二人連れ来店、這入ってくるなりランチの話をしている。安いランチを探しているらしく、五百円からはじまって四百円、三百円、それ以下のランチへと話は進む。五十円のランチがあっても一向にかまわないのだが、聴けば聴くほどに中身というか内容の話がなにひとつ聞こえてこない。維新号(もっとも高価なディナーは六万円)や天一のディナーが五千円になるのなら安いだろうが、三百円で儲かる設定になっているものを値付けだけで安いとは云えない。中身と値段は相対的なもので、中身を切り捨てて値だけを問うのなら、ですぺらは切り捨てられなければならない。随分と前のはなしだが、余市を置いた。あれはですぺらの原価計算なら一杯三百円になるが、当店は安売りが目的の店ではないので、以降余市は置いていない。バランタイン、シーバス、カティーサーク、ジョニー・ウォーカーもしくはアーリータイムズ、フォアローゼスなどの売価は二百円にも満たない。千円ウィスキーを三、四十種類ほど置いて全品百九十円の方が儲かるかもしれないが、そのような店の営業は蒙御免。
ホワイエのマスターが屡々来られるが、知己がカクテル百九十円の店をはじめたらしく、大層混雑していると聞かされた。そのホワイエはカクテルを止めてモルトウィスキー一本に営業方針を改めたいといっておられた。こういう不景気なときこそ原点を大事にしたいともおっしゃっていた。それにしても、赤坂に相応しい十の店について話し合ったが、その内の数店はすでに閉店している。老夫婦が営まれるジョーク(未だに真空管のアンプを使っている)などは何時までも残ってほしい店なのだが。

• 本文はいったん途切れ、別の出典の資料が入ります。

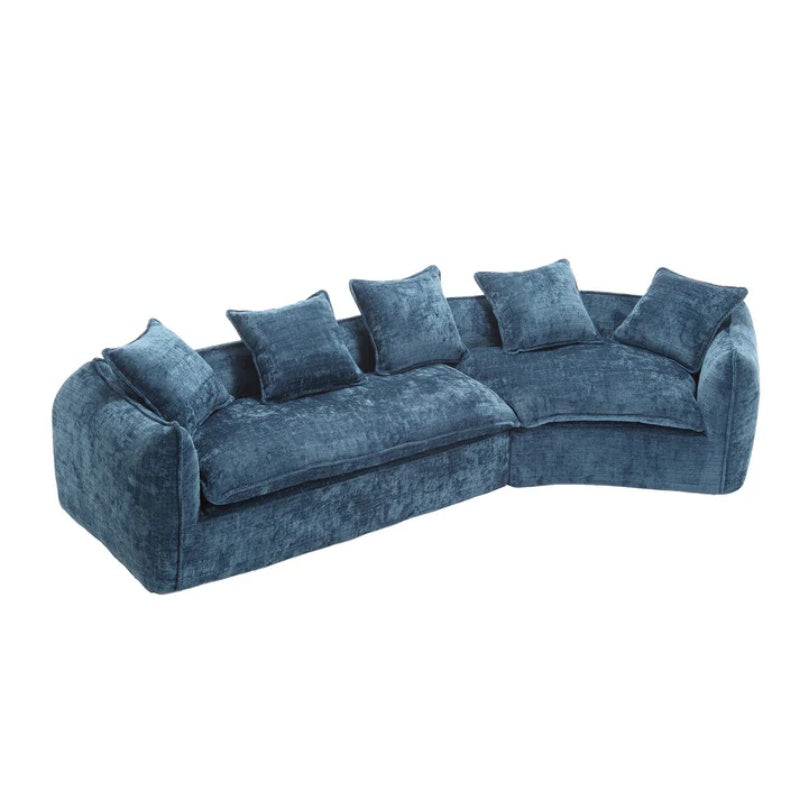 Modular Sectional Sofa, U-Shaped Couch with Sofa for five & Pillows, Modern Minimalist chenille Fabric Large Comfy Cloud Sofas, Living Room Furniture Sets-海智集-Default-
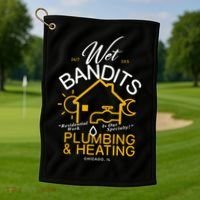 Wet Bandits Plumbing & Heating Chicago Golf Towel thumb 1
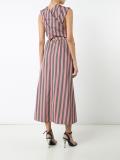 Wide Stripe Bow Front绑带连衣裙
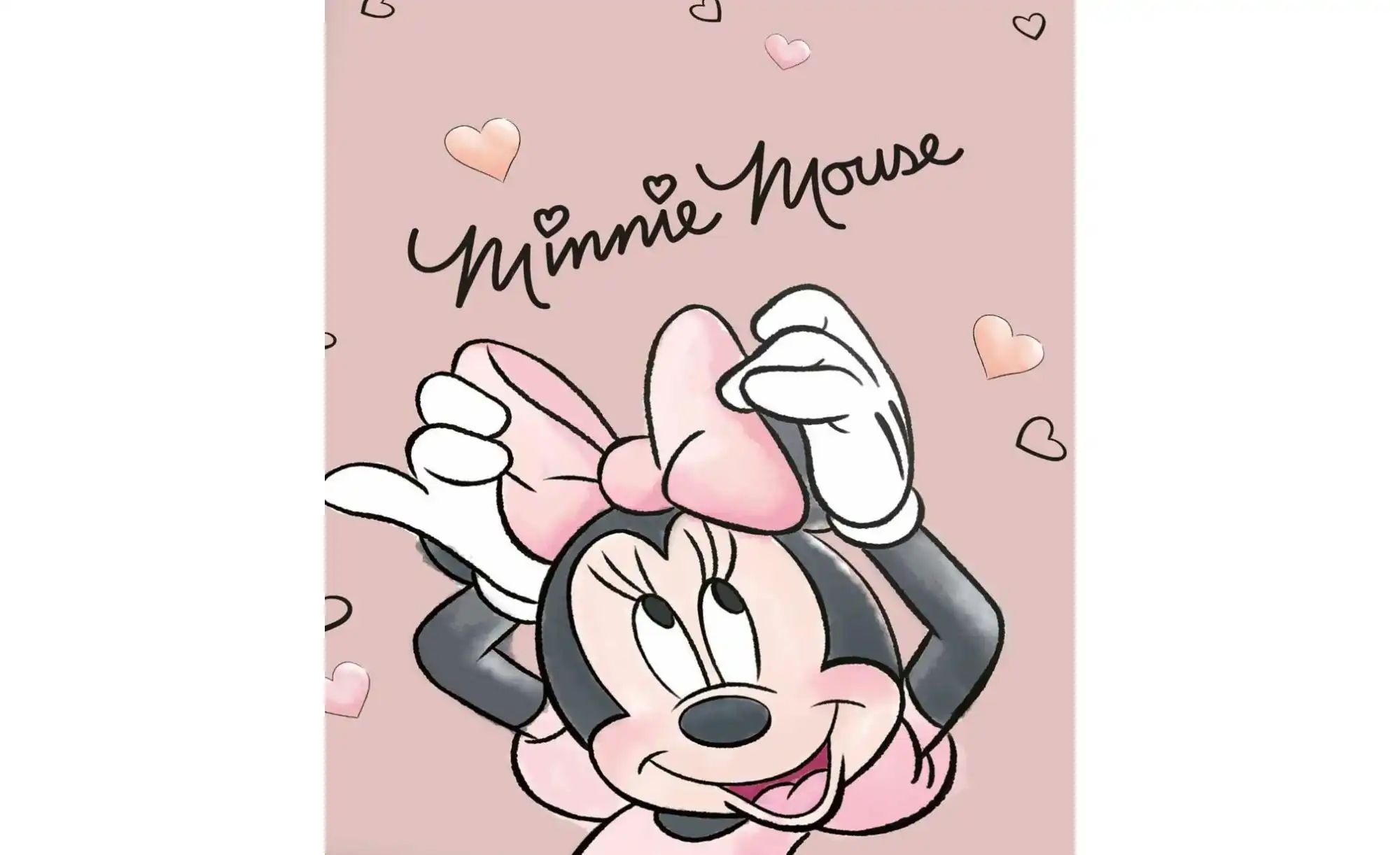 Disney Kinderbettwäsche »Disney´s Minnie Mouse«, mit tollem Minnie Mouse Mo günstig online kaufen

さて、件の二人連れが帰ったあと、愕いた。ですぺらのカウンターは大谷石なので、小さな穴が無数にあいている。その穴へお絞りをちぎって埋めていたのである。爪楊枝で穿って元に戻したが、カミュの「シーシュポスの神話」を思い起こした。吝い部下を持つ上司の溜息が聞こえてくるようである。